Facebook is taking the next logical step in its evolution toward a full-stack ad tech offering, rolling out a demand-side platform (DSP) capable of executing programmatic buys using the company’s “people-based” advertising methodology.
In recent weeks Facebook’s Atlas team has pitched the DSP product to agency partners, including Omnicom Group, Havas, Merkle and others, according to multiple sources. Facebook has a list of target advertisers it is asking to commit upwards of $200,000 to test the nascent offering.
“It’s not perfect in market or ready for production yet,” said one source. “It needs to be tested at scale with a bunch of different clients.”
Slated for release in the first half of 2016, the DSP will add a fourth pillar to Facebook’s ad platform business, which today includes an ad server (Atlas), sell-side platform (LiveRail) and ad network (Audience Network). In briefing agencies, Facebook is billing the tool as a next generation DSP with stronger identity management than anything in market today. That includes its chief rival, Google’s DoubleClick Bid Manager.
Facebook declined to comment for this story.
“The functional draw is the push of the Facebook data set into an addressable targeted display program through Atlas,” said another source briefed on the product. “The more I can address a message to an individual in more places on the web, the more I’m going to be willing to pay for that.”
The feature set, beyond the activation of Facebook’s powerful cross-device audience data, is still a little murky. Support for mobile app and video inventory are presumably strong points, given Facebook’s mobile chops and LiveRail’s origins as a video platform.
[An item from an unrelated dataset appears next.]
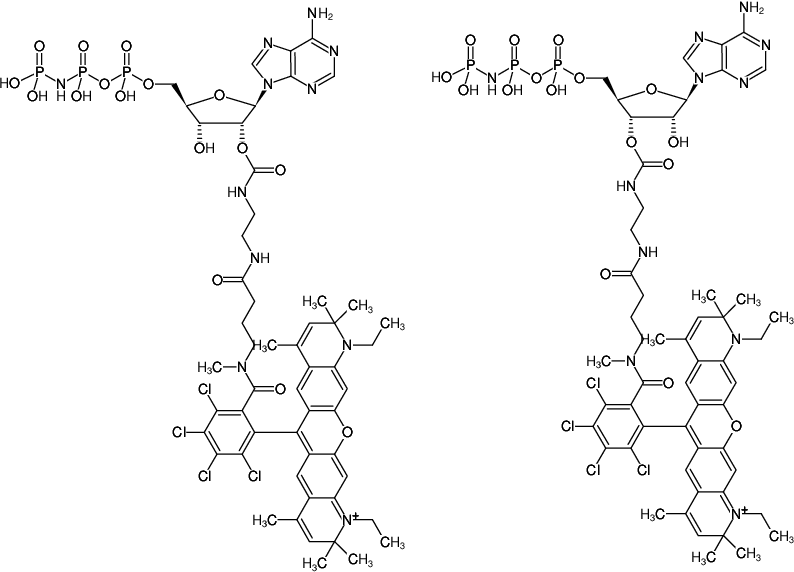 Structural formula of EDA-AppNHp (EDA-AMPPNP)-ATTO-Rho14 (2'/3'-O-(2-Aminoethyl-carbamoyl)-Adenosine-5'-[(β,γ)-imido] triphosphate, labeled with ATTO Rho14, Triethylammonium salt)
But other capabilities are still being sorted out, including integration of third-party data sources.
A Needed Boost For Atlas
A Facebook DSP has looked likely since the relaunch of Atlas one year ago, an event that had some of the futuristic appeal of Elon Musk’s recent reveal of the new Tesla Model X – but on a far dorkier level.
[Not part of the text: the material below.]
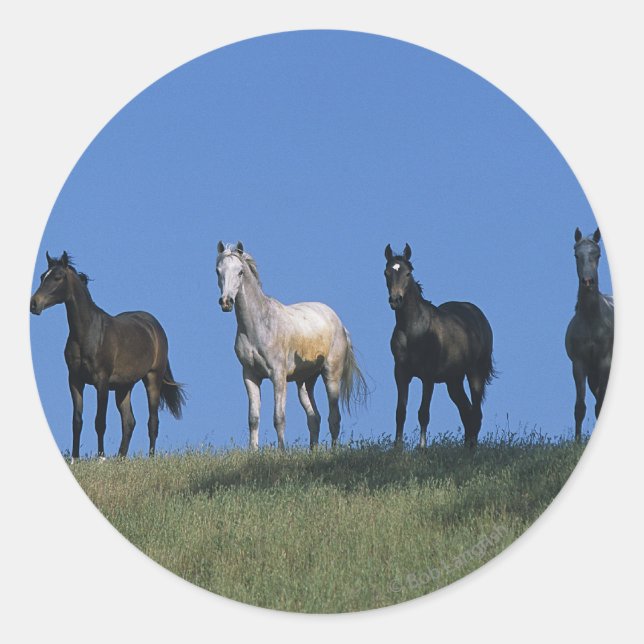 Adesivo Grupo de Árabes (Frente)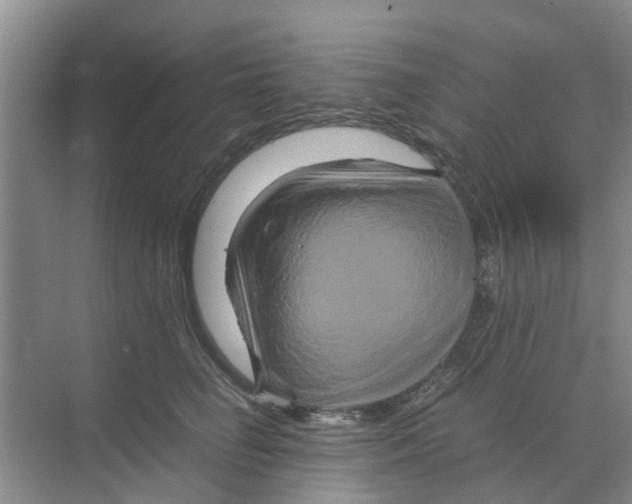 X0000070170662200606231922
Judging only by its advanced feature set, Atlas seemed well positioned to upend the ad server category, but its debut has not been as triumphant as the company might have hoped. Facebook has declined to provide a tally of agencies and marketers using it, and very few customers have been identified by name.
One recently published case study demonstrates Atlas’s conundrum and its opportunity.
Estee Lauder cosmetic brand MAC used Atlas’ people-based marketing features to discover that its online conversions were 16% higher than its previous cookie-based measurement had led it to think.
“That’s actually huge,” said Yann Gabay, who runs the France and southern Europe region for MAC digital agency NetBooster.
Gabay said Atlas also helped MAC discern that cookie-based measurement had overstated the campaign’s reach against its two target audiences: women aged 18 to 24 and women aged 25 to 44.
And yet, despite the positive results, Gabay confessed some surprise that MAC’s campaign had been published by Facebook.
“We used 10 to 15% of the capabilities of the tool,” he told AdExchanger. “We didn’t use the targeting option for Atlas, and we served the same banners to all users.”
He concluded, “It’s like using a Rolls Royce to go buy bread.”
This naturally begs the question: Why has Facebook been unable to cough up adoption numbers for Atlas? Are customers reluctant to go public, or do they just not exist?
MAC’s experience is revealing here. Gabay said NetBooster – which invests 80% of its media programmatically – uses Atlas primarily for direct buys and double-serves all Atlas campaigns with its preferred DSP, DoubleClick Bid Manager.
“The moment Atlas launches a DSP, that’s a new question,” Gabay said.
(It’s important to note that the interview with Gabay happened before Facebook’s DSP plans were shared with AdExchanger.)
Whither DoubleClick?
In the year since Atlas’s relaunch, Google has become alert to the “people-based” threat posed by its challenger. A few months ago Google began supporting cross-device measurement in its DoubleClick Marketing Suite, using a combination of logged-in user data and so-called probabilistic approaches, which use device attributes to link users to their various screens.
And last week DoubleClick embraced first-party data matching, which has long been on offer through Facebook’s Custom Audiences program and which has Google has weirdly avoided until now.
In light of these aggressive countermeasures by Google, the bar may be quite high for Facebook to one-up its larger rival, as well as other scaled DSP solutions in the marketplace like MediaMath and Turn.
As one source put it to AdExchager, “It can’t be a ‘me too’ solution. It has to be a little bit more evolved.”